ASSIGNMENT –
Quote the entries below from the line with "Kia Sorento 4th" through the line with "169 Portsmouth Street - Photo 40", both ends included, and only those lines.

PROVIDED DATA –
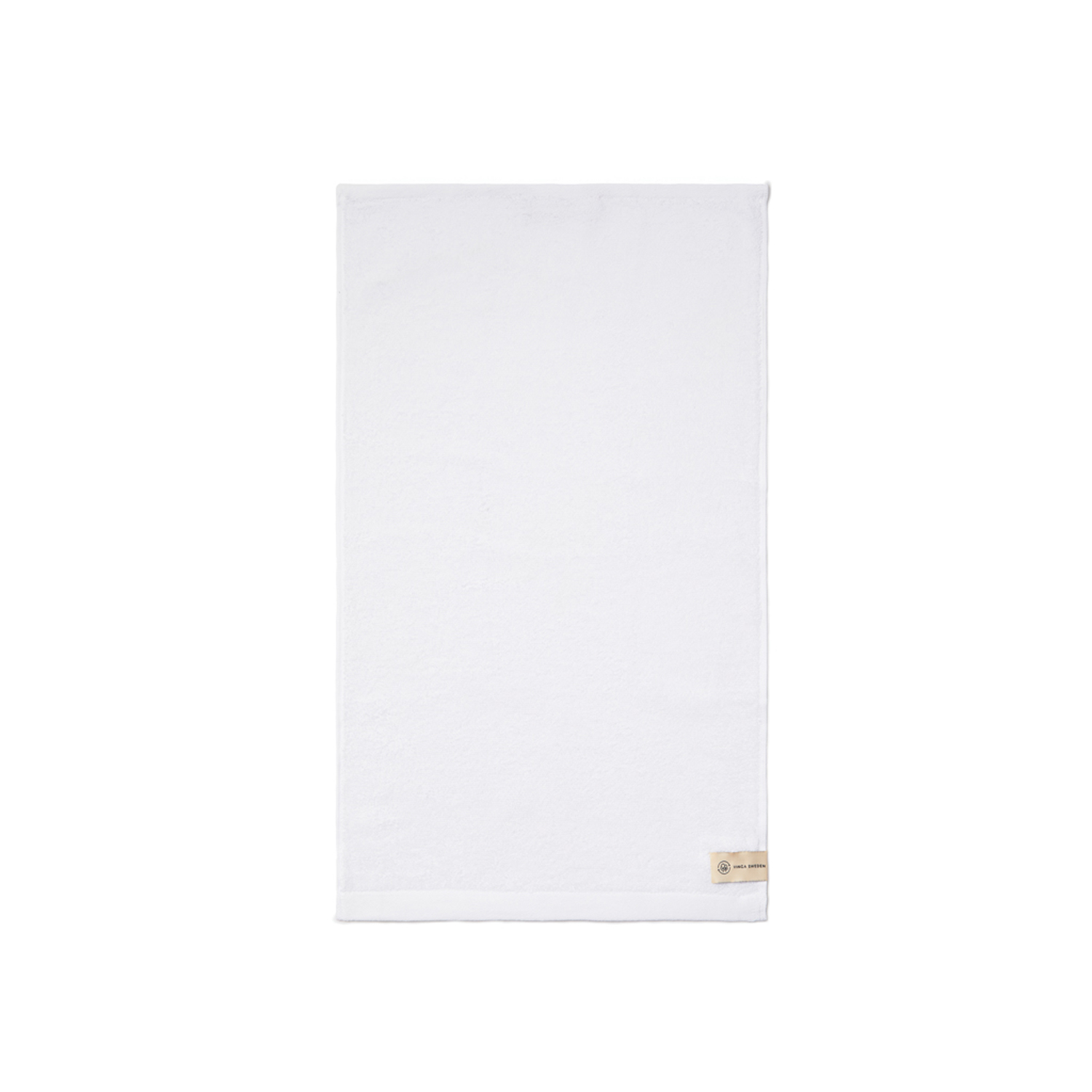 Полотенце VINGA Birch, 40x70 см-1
--
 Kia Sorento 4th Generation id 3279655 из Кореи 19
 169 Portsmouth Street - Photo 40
==
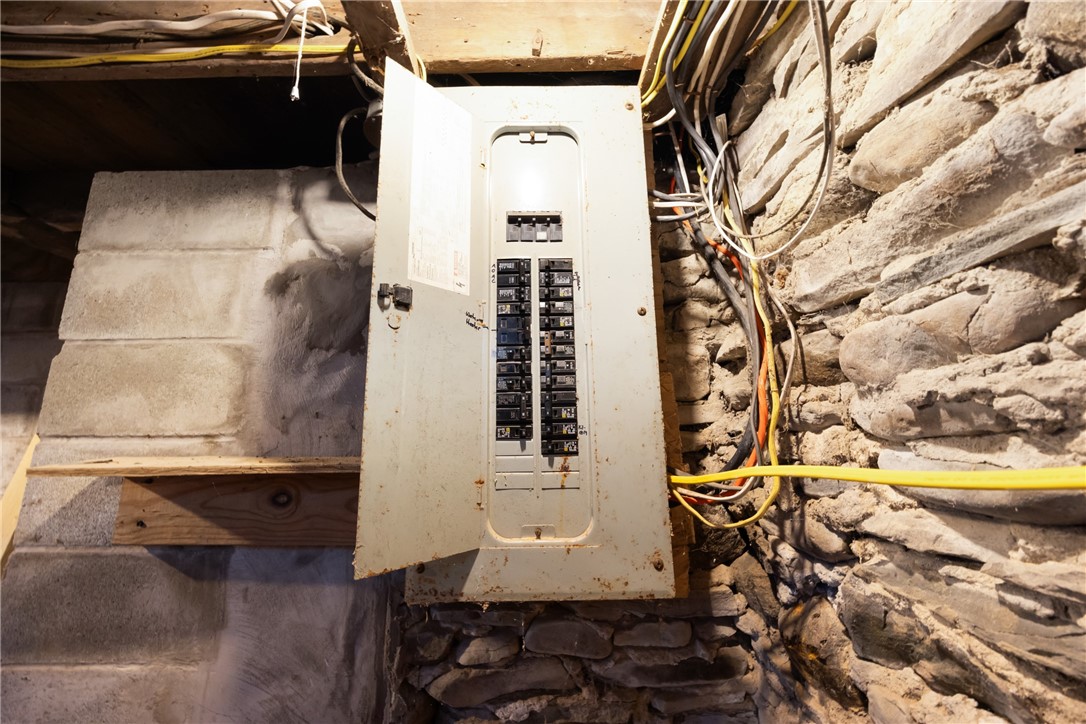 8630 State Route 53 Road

RESPONSE TO THIS EXERCISE –
 Kia Sorento 4th Generation id 3279655 из Кореи 19
 169 Portsmouth Street - Photo 40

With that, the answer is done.